De fait, poème !
Accordé à ton prénom.
L’aumône offerte à cet amant
inénarrable...
Quatre lettres pour y mettre en musique,
Des notes,
Un sens à sa déraison.

Tout ainsi composé ;
Débordant la nuit, le temps, nos vies imparties ;
Sans attendre demain.
Contrevenant aux autels balisés ; Ce poème dressé en toute hâte.
T'offrant cette menue monnaie ; mon âme, que tu foulera sans doute d'un pas léger.
Indifférente

Qu’importe une âme alors !
Demain, les jours suivants ; d'aussi loin qu’il me soit donné de te voir ; accordant des vers aux voyelles de ton prénom, j''écrirai d'autres poèmes encore comme un roi défait déposant sa couronne à tes pieds.

Diriez-vous Poème ?
Et moi, je dis deux fois oui !
De fait, prestement, sans dédit, sans sursoit
Remisant tes porcelaines, tes bricoles d’esthète
Abandonnant ton lit, tes rêves, Séant
Vite !
De beau matin
Puisqu’il est convenu, pour toute image d’elle, qu'il le lui doit
Voilà le poète
Son ombre à peine plus discernable que le plus léger de ses caprices
Reprenant ses habits de barde
Ses pantalonnades
Trébuchant devant la beauté de Lola
Tant qu’à l’atteindre, d'un mot, oui, c’est elle qui le tient

Toi,
Rien !
De tous côtés
Indifférent
Ne pourrait faire que tu ai prise au vent.
Sourd au siècle, Aux muezzins cathodiques ; Thuriféraires au ventre plein de terre ; Appeaux à guerres et d'armes à vendre qu’ils soient du Levant où d'Occident.
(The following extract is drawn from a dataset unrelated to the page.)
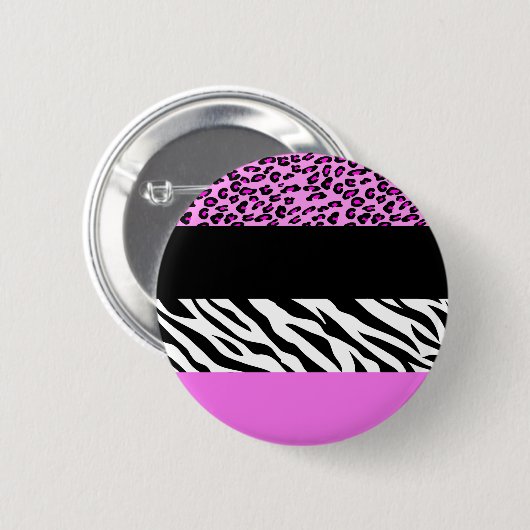 Badge Rond 5 Cm Empreinte de léopard, Zebra Print, Poster de anima (Devant & derrière)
Toi, tu t’es voué tout entier à transcrire une phonétique sourde
Un être secret
A collecter ce que tu sais d'elle au présent
Peau inentamée de voyelles nouées par l’épi floral de son nombril,
Chaque image d'elle te dicte un poème enveloppé de ses ferments.

En vrai, t'es fou amoureux d'elle et si elle le savait elle t'excommunierai !
Te vouerai aux gémonies,
Ferai un enfer du ciel sous lequel tu crois pouvoir abriter tes secrets,
Quels secrets en effet !
Des rêves,
Ton regard,
La couleur ambrée de ta peau,
Cet air perdu que tu prends quand tu médite,
Regardant le flux impassible des passants,
Imaginant que parmi eux forcément elle se trouve,
Qu'il suffirai de rester là au coin d'une rue, d'une place où à toutes heures tu t'égare et l'attends...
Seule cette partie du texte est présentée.